La otra noche tuve un mal sueño, uno de esos que te despiertan con el corazón palpitando en la boca y un sabor amargo en el paladar.
Andaba por las calles de siempre, con los amigos de siempre. Pero había algo distinto en el ambiente; las miradas eran más profundas, como si los ojos tuvieran dedos que me escrutaran. Los choques y encontronazos en la orilla de la barra de un bar tenían menos de azar y más de defensa central de un equipo de tercera, buscando el contacto.
Las sonrisas tenían un aroma que me repelía a alcohol y que otras veces no sentía. La atmósfera estaba muy cargada, y el aire se me hacía espeso, una mermelada amarga que me oprimía y no me dejaba respirar. No me sentía con la comodidad de siempre, con la confianza cotidiana de los lugares conocidos, como si la ciudad fuera un calcetín al que le hubieran dado la vuelta.
Quería volver a casa, que la noche ya había dado de sí lo suficiente, que no me lo estaba pasando bien y que, bueno, había más días por delante para disfrutar con los amigos. No era más tarde que en otras ocasiones, pero la sensación de soledad era una punzada constante en mi pecho.
Lo que siempre no era más que un paseo hasta casa ahora era una larga película de suspense; cada pisada a mis espaldas, cada coche que frenaba a mi altura era un pequeño sobresalto que me aceleraba el pulso. Cada semáforo en verde era la desilusión de lo que, en un principio, creía que era un taxi, y cada esquina se me hacía una oscura aventura, una lotería en la que no tenía ningún deseo de participar.

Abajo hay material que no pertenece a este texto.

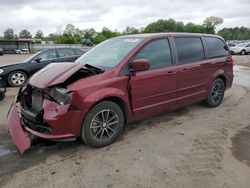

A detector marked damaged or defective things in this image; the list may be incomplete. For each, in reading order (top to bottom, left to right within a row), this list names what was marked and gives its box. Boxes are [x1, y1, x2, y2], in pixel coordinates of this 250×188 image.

crumpled hood [28, 63, 83, 89]
damaged front end [7, 63, 104, 154]
broken headlight [45, 87, 73, 105]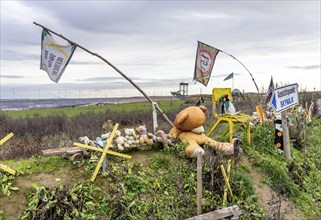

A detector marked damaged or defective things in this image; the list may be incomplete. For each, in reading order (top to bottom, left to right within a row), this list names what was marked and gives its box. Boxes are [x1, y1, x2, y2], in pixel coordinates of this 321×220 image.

bent pole [33, 21, 172, 127]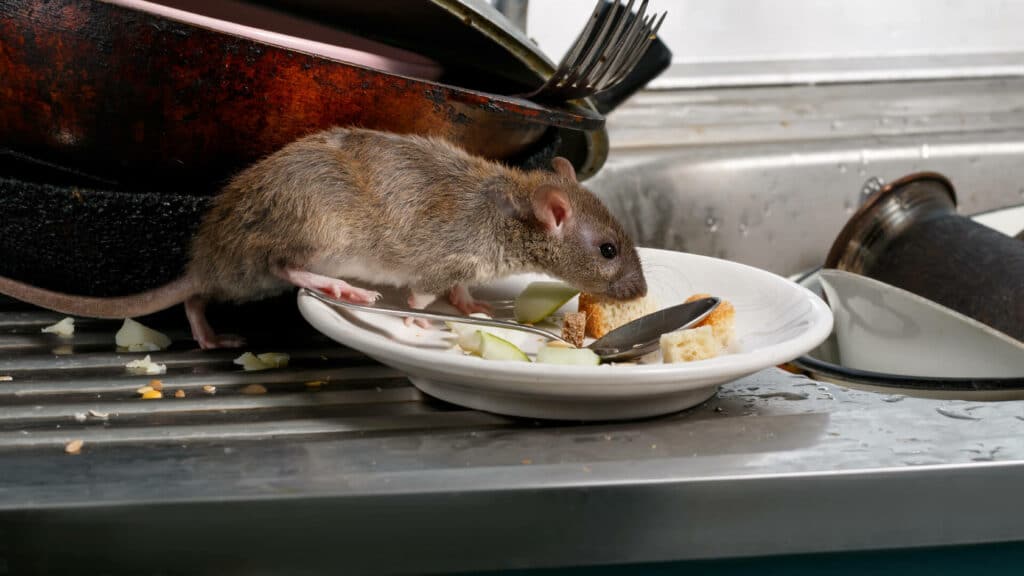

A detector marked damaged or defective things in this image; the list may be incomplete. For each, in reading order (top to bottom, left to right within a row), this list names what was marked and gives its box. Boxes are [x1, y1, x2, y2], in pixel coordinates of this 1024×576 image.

rusty pan [0, 0, 602, 193]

Los portales, oscuros y desiertos, se convirtieron en cuevas que podrían albergar mil infiernos. Casi sin pensarlo, aceleraba el ritmo de mi caminar, y desconfiaba hasta del eco de mis pisadas, demasiado sonoras, demasiado evidentes.
Llegué a las puertas de casa, rezumando adrenalina y temor, temiendo que en el último instante, justo cuando girara la llave en la cerradura del portal, una mano se posara en mi hombro, paralizándome al instante, arrancándome un grito vestido de carmín y sombra de ojos.
Ese grito, surgido de mis propios labios, me despertó, con la oscura pesadumbre de la pesadilla de ser mujer y no vivir para contarlo.